Bug 1582056

Summary: Input/Output errors on a disperse volume with concurrent reads and writes
Product: [Community] GlusterFS Reporter: Xavi Hernandez <jahernan>
Component: disperseAssignee: Xavi Hernandez <jahernan>
Status: CLOSED CURRENTRELEASE QA Contact:
Severity: unspecified Docs Contact:
Priority: unspecified    
Version: 4.1CC: bugs
Target Milestone: ---   
Target Release: ---   
Hardware: Unspecified   
OS: Unspecified   
Whiteboard:
Fixed In Version: glusterfs-v4.1.0 Doc Type: If docs needed, set a value
Doc Text:
Story Points: ---
Clone Of: 1578325 Environment:
Last Closed: 2018-06-20 18:06:39 UTC Type: Bug
Regression: --- Mount Type: ---
Documentation: --- CRM:
Verified Versions: Category: ---
oVirt Team: --- RHEL 7.3 requirements from Atomic Host:
Cloudforms Team: --- Target Upstream Version:
Embargoed:
Bug Depends On: 1578325    
Bug Blocks:    

Description Xavi Hernandez 2018-05-24 05:52:44 UTC
+++ This bug was initially created as a clone of Bug #1578325 +++

Description of problem:

When parallel-writes is enabled and multiple reads and writes (non-overlapping) are sent concurrently, sometimes writes fail with an Input/Output error of file not found error.

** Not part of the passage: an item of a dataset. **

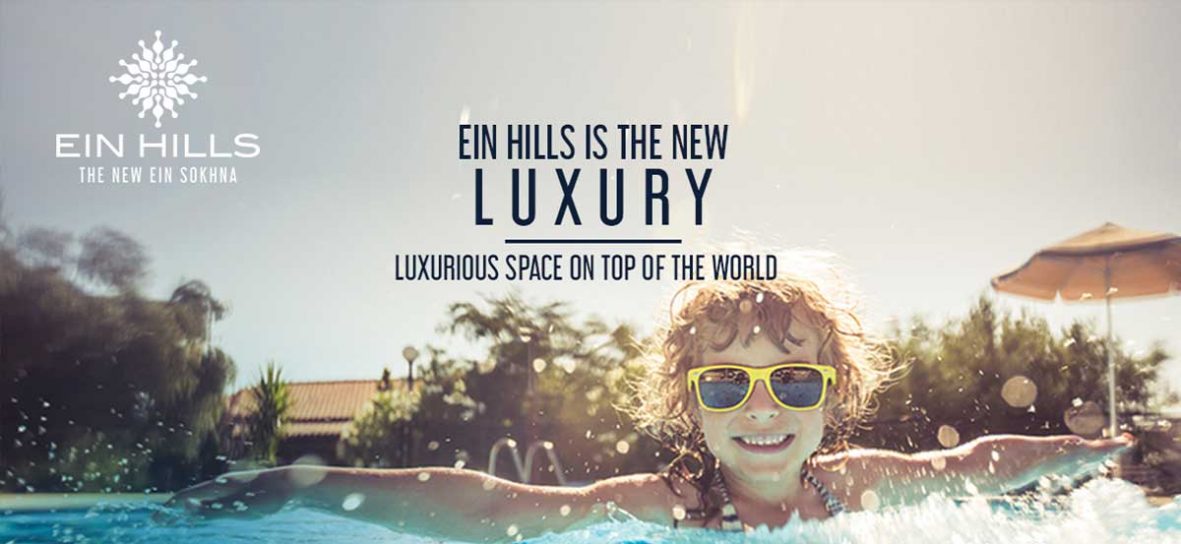 Ein Hills Sokhna Resort (12)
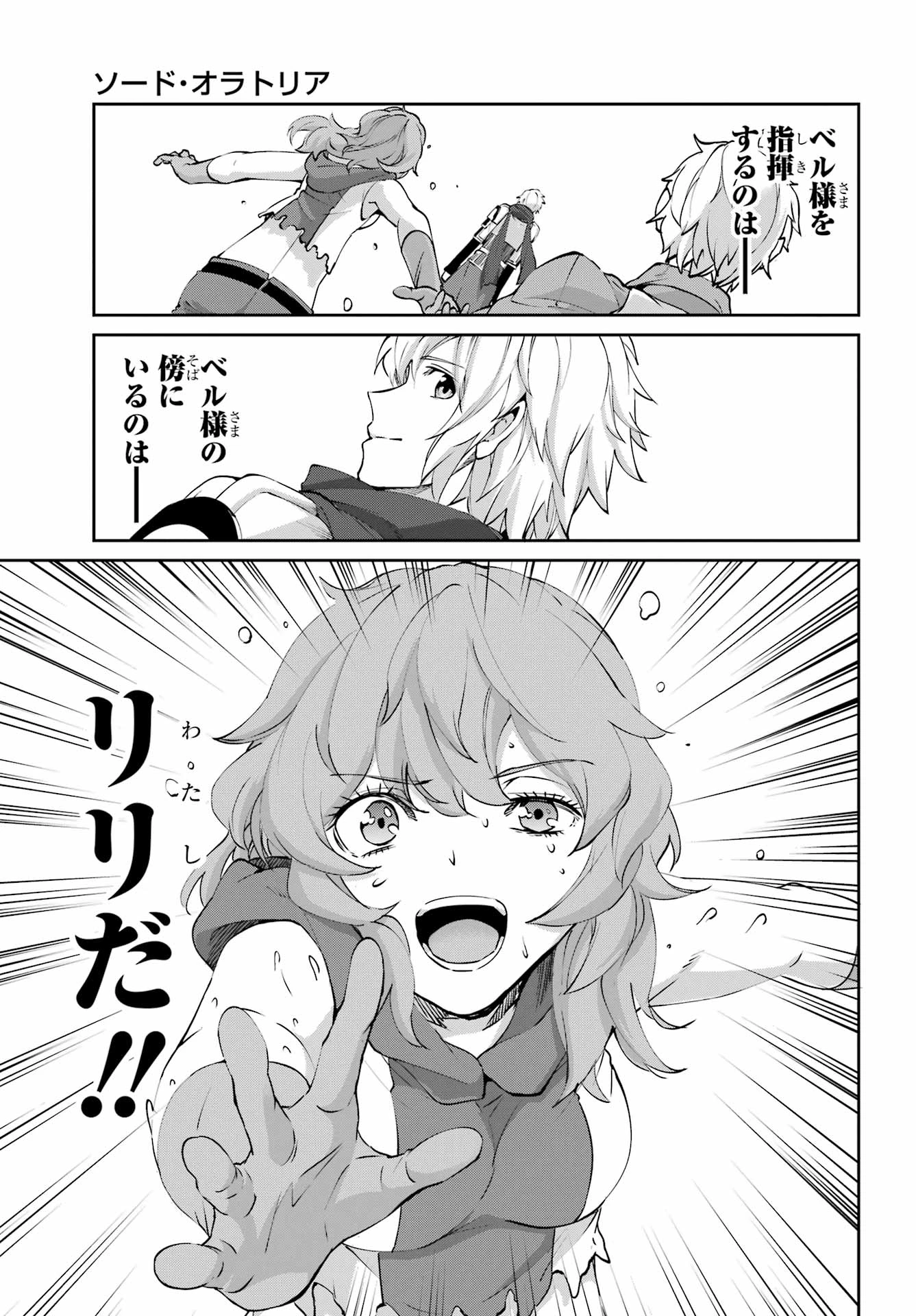 ダンジョンに出会いを求めるのは間違っているだろうか 外伝 ソード・オラトリア」ガンガン 第130話 - 23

Version-Release number of selected component (if applicable): mainline


How reproducible:

Randomly on a Ganesha mount. I've been unable to reproduce it on FUSE.

Steps to Reproduce:
1. Create a disperse volume
2. Create a Ganesha cluster using gfapi
3. Mount three clients to three different NFS servers
4. From one client run Bonnie++
5. From second client run ls -la in a loop
6. From third client run du -sh in a loop

Actual results:

Bonnie++ fails in the rewriting test.

Expected results:

Bonnie++ shouldn't fail

Additional info:

As a workaround, disabling parallel-writes hides the problem.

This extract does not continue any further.